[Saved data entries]
--------------------

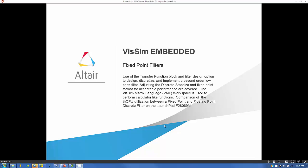In this video we will cover the following topics: using the VisSim transfer function block and its filter design option to design, discretize, and implement a second-order low-pass filter in floating and fixed-point format. The discrete update time and fixed-point format settings are adjusted to produce an acceptable fixed-point filter response. The VisSim matrix language, abbreviated VML, is introduced and used to perform precision calculations. Code is generated for both filters and executed on the Texas Instrument 28069M LaunchPad. Real-time performance and CPU utilization for both filters are compared.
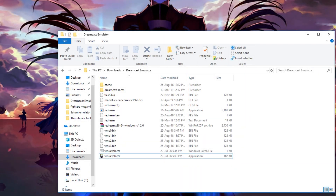Hello everyone, and welcome to this video. In today's video, I'm going to show you how to transfer file data to your VMUs in your Sega Dreamcast emulators. I actually thought that this was common knowledge, but a few people got in touch with me asking how you could do it. So the purpose of this video is I'm going to show you how to take save files from any old game on a Sega Dreamcast and import it into your VMU.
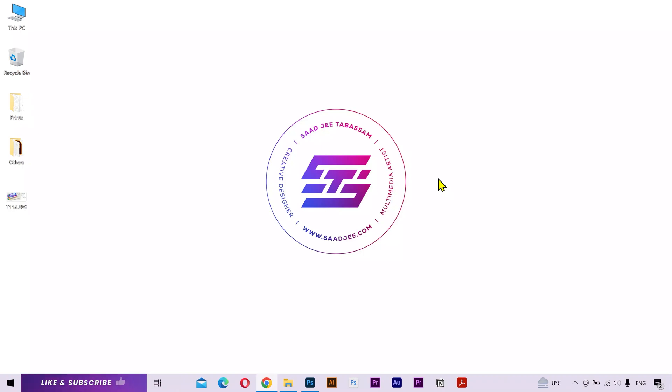Hey everyone, I hope you are doing well. In this video, I'm going to show you two methods to find your Windows product key.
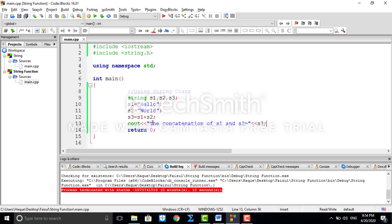So just remember: when using character strings, we need to use the different string library functions like strcpy, strcat, and so on. But when using string classes, even without those library functions, operations like assignment and concatenation work directly because everything belongs to the string class. With this I conclude today's class. In the next video lecture I am going to discuss matrix programming. Thank you.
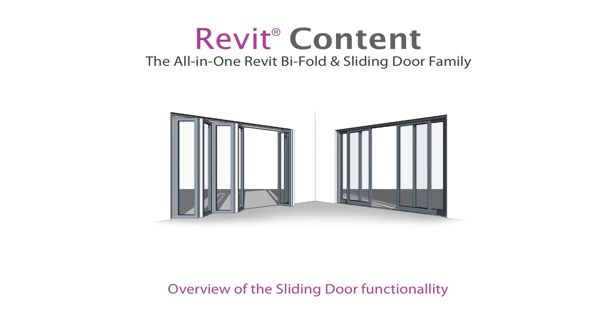Welcome to Revit Content and the All-in-One Bifold and Sliding Door Family. This video tutorial is the second part introducing this family and will give you a detailed overview of the amazing features of the sliding door functionality.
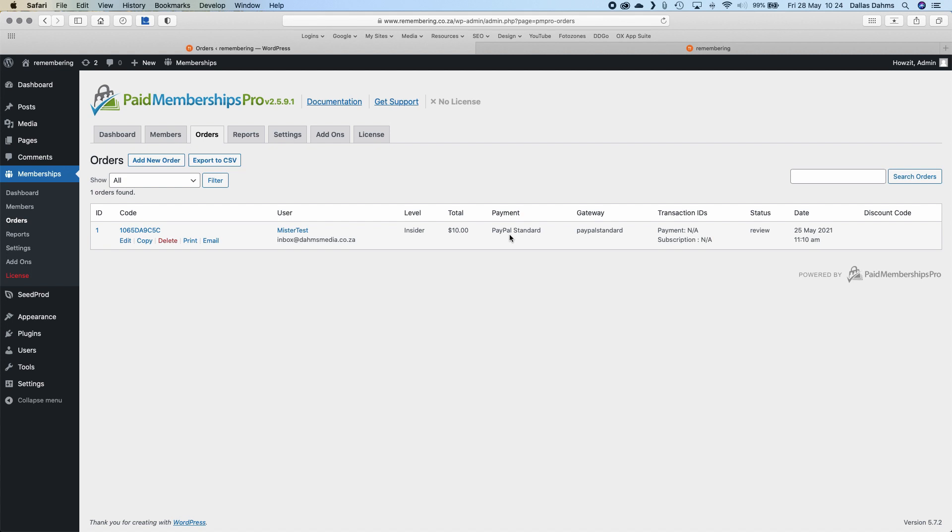The gateway I'm using is PayPal Standard. There's a bit of a story — the plugin developers don't like it and are trying to force everybody to use PayPal Express, which requires a PayPal business account. I really don't want to look into that right now, so I've opted for PayPal Standard, which I've used for many years and it works just fine. If it comes to the point where I have to use PayPal Express or something else, I'll investigate that.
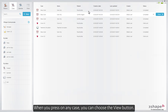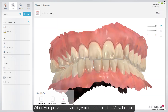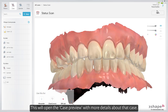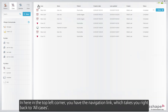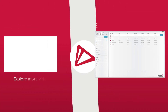When you press on any case, you can choose the View button. This will open the case preview with more details about that case. In here, in the top left corner, you have the Navigation link, which takes you right back to All Cases.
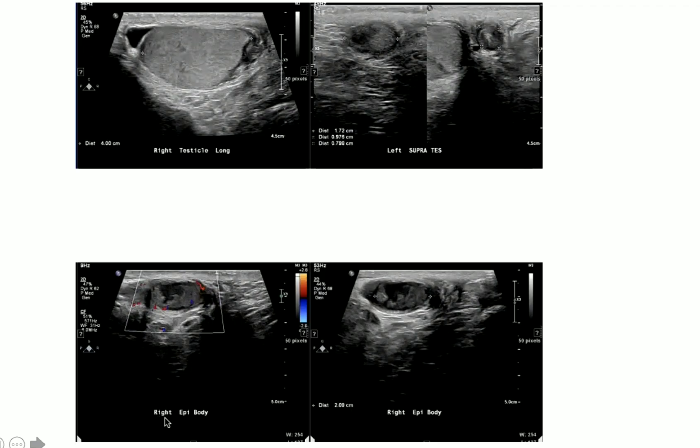There is minimal right-sided hydrocele, no definite varicocele. There is some scrotal edema, but in the rest of the images I do not see any other abnormality.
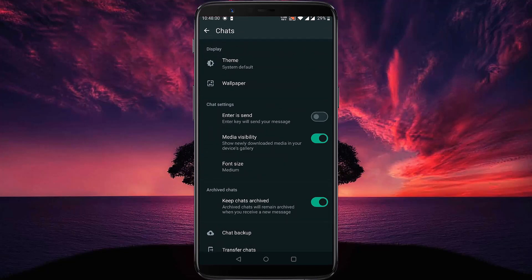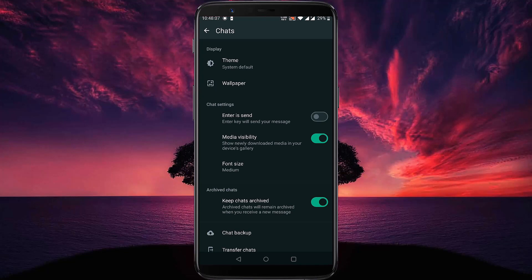Here you will find the Media Visibility option. If you turn off this option, this will stop WhatsApp saving photos to gallery. Let's tap on this button. That's it.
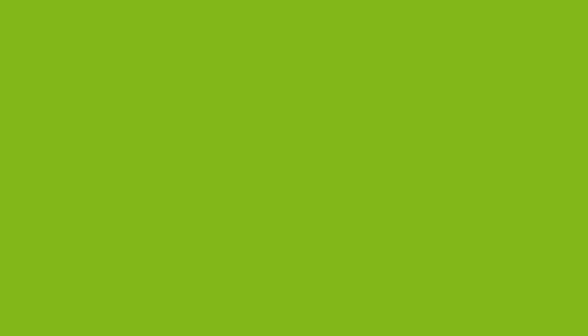If you have any questions, you can always visit the Acer community or our Acer support site, and don't forget to subscribe.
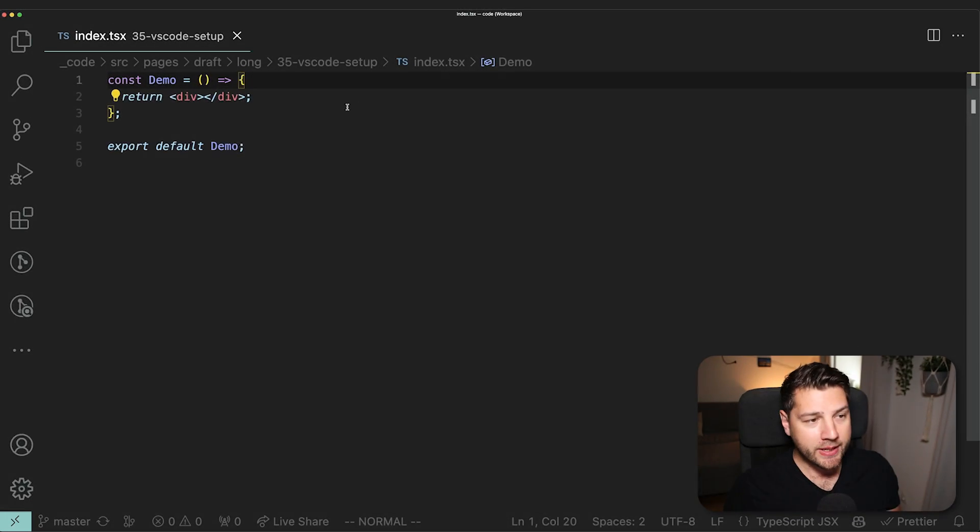What's up guys, Teres Kazin here. In this video, I'm going to show you how you can set up your VS code for React to code like a senior developer. So let's begin.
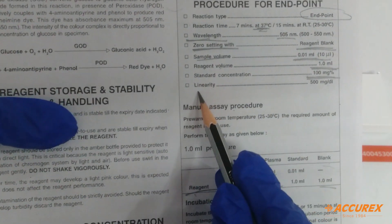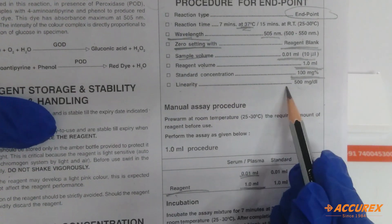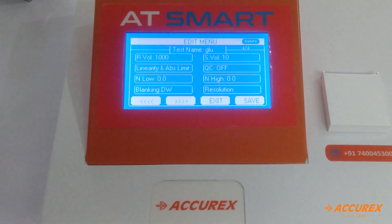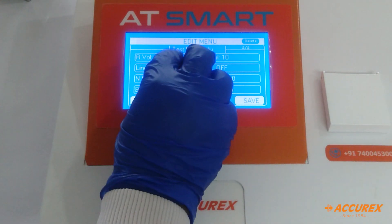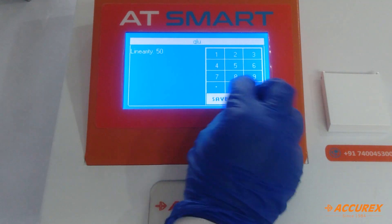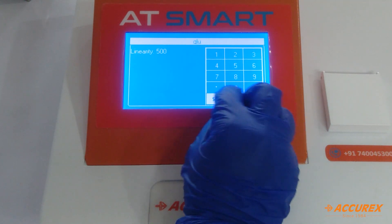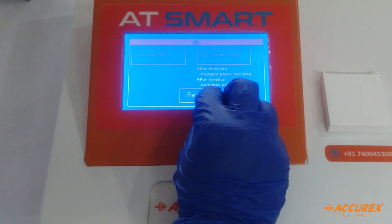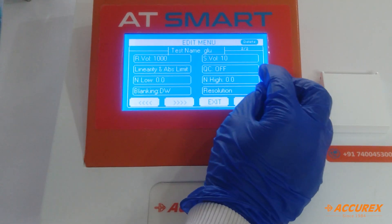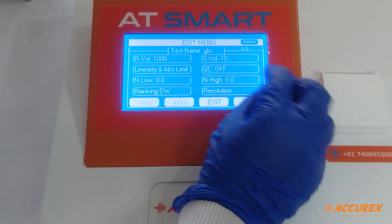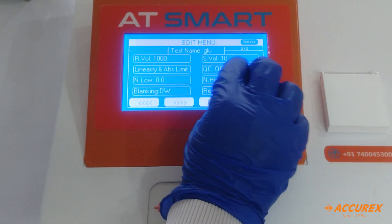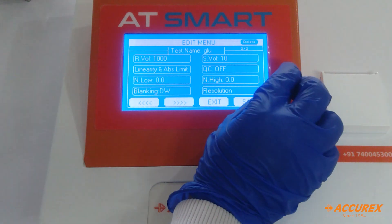Now linearity — because glucose has 500 mg per dL linearity, press 500 and save. And QC: if you want to check QC, you can turn on or off the option.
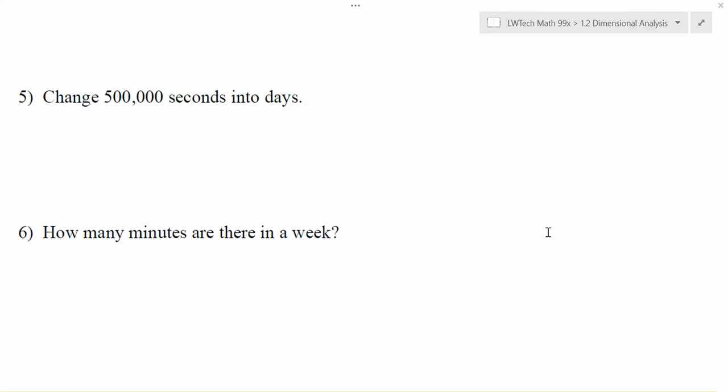Continuing on some dimensional analysis problems, let's take a look at these two. For problem number five, we want to change 500,000 seconds and see how many days that is. And then we also want to look at how many minutes there are in one week.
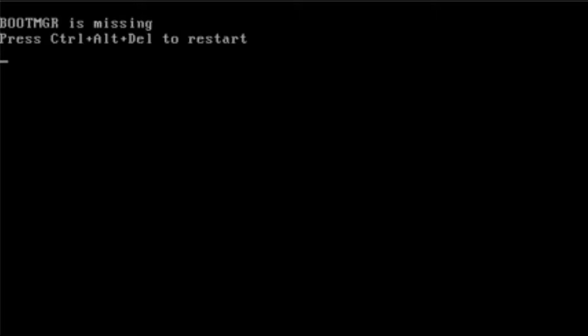So Windows won't load, and instead you're faced with this rather horrible looking error message: Boot MGR is missing. Boot MGR stands for Boot Manager, and it's a file that lives on your computer, and it's required to boot your computer.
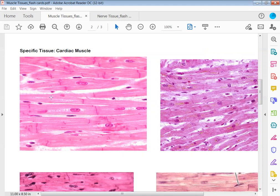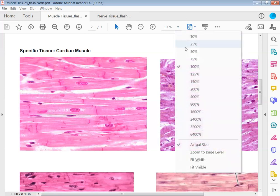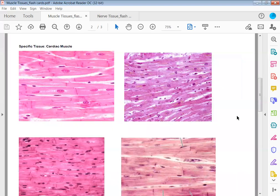So again, this tissue has branched, smaller, thinner fibers. The tiger striping or banded effect is called striations. The dark line structure is called the intercalated disc, and the roundish dark structures are your nuclei. The big tissue category for this is muscle tissue, and the specific tissue is cardiac muscle.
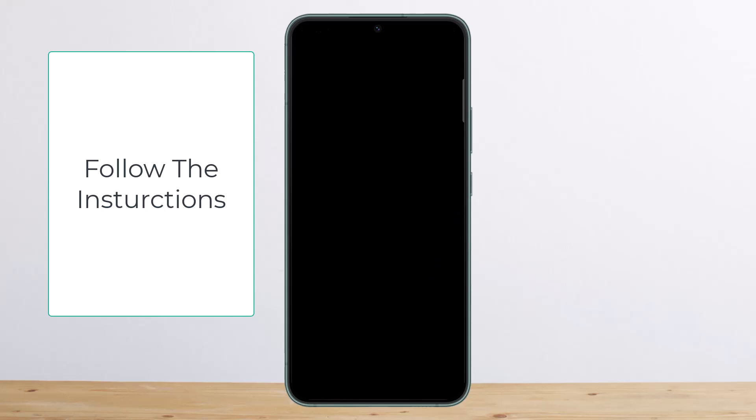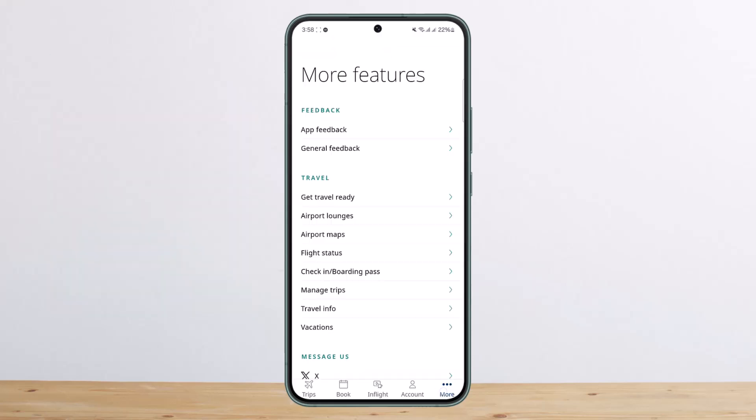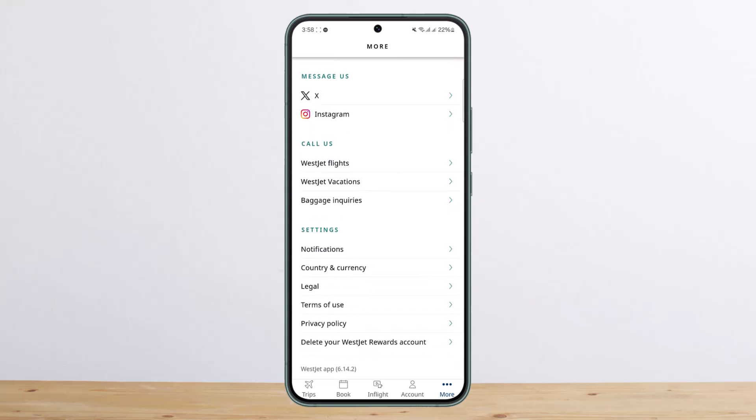If you scroll down below, you'll get the option to sign out only. So if you want to sign out, you can sign out from here and log back in whenever you want. But if you want to delete your account, you want to tap on the more option at the bottom right corner of your screen and scroll down to the bottom. Here, you'll find the option that says delete your WestJet rewards account.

--------------------

**Assigned task:** Using the data above, give again exactly the lines starting at the one holding "Continuing on some" and ending at the one holding "So again, this", inclusive, and nothing more. Omit the pictures.

**Result of the exercise:**
Continuing on some dimensional analysis problems, let's take a look at these two. For problem number five, we want to change 500,000 seconds and see how many days that is. And then we also want to look at how many minutes there are in one week.
So Windows won't load, and instead you're faced with this rather horrible looking error message: Boot MGR is missing. Boot MGR stands for Boot Manager, and it's a file that lives on your computer, and it's required to boot your computer.
So again, this tissue has branched, smaller, thinner fibers. The tiger striping or banded effect is called striations. The dark line structure is called the intercalated disc, and the roundish dark structures are your nuclei. The big tissue category for this is muscle tissue, and the specific tissue is cardiac muscle.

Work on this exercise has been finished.